Rinsho Shinkeigaku (Clinical Neurology)

Symposium 4

Review of basic knowledge, surveillance and infectious control of prion disease

Nobuo Sanjo, M.D., Ph.D.1)

1)Graduate school of Medical and Dental Sciences, Tokyo Medical and Dental University

Prion disease is developed by changing normal prion protein to transmissible abnormal prion protein and its accumulation in the brain.
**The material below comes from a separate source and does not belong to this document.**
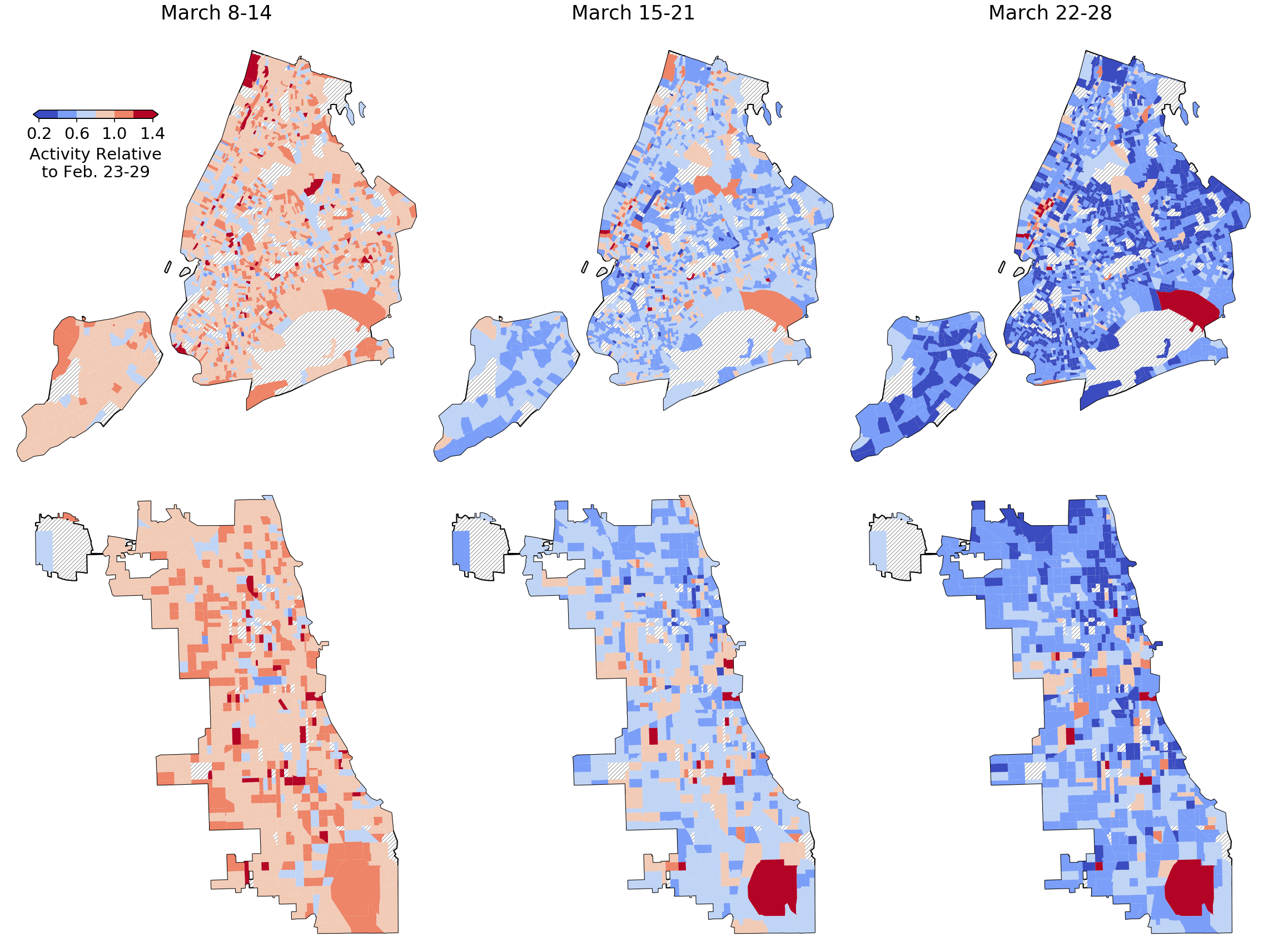 Neighborhood-level activity out of home in New York City and Chicago, by week.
Drug development project using small chemical molecules is now progressing based on constitutional analysis of prion proteins, and a domestic network for clinical trial is consolidating. Prion disease is classified into 3 types, and the Japanese Prion Disease Surveillance Committee has identified 2,026 patients with prion diseases during 14 years from 1999 (sporadic: 77% , genetic: 19% , environmentally acquired: 4% ). Compare with patients in other countries, relatively larger amount of patients with dura mater graft-associated Creutzfeldt-Jakob disease (CJD) and genetic prion diseases have been characteristically identified. Sporadic classical CJD patients, which present rapid progressive dementia, are identified in most of the cases. Genetic prion disease are classified into 3 major phenotypes such as genetic CJD, Gerstmann-Straeussler-Scheinker disease (GSS) mainly showing spinocerebellar ataxia, and fatal familial insomunia. All the 83 cases but 1 case of variant CJD were dura-grafted CJD in environmentally acquired prion disease. Accurate diagnosis and prevention of secondary infection are important according to those surveillance data and systems.
Full Text of this Article in Japanese PDF (858K)

(CLINICA NEUROL, 53: 1243|1245, 2013)
key words: prion disease, surveillance, infectious control, Creutzfeldt-Jakob disease, JACOP

(Received: 1-Jun-13)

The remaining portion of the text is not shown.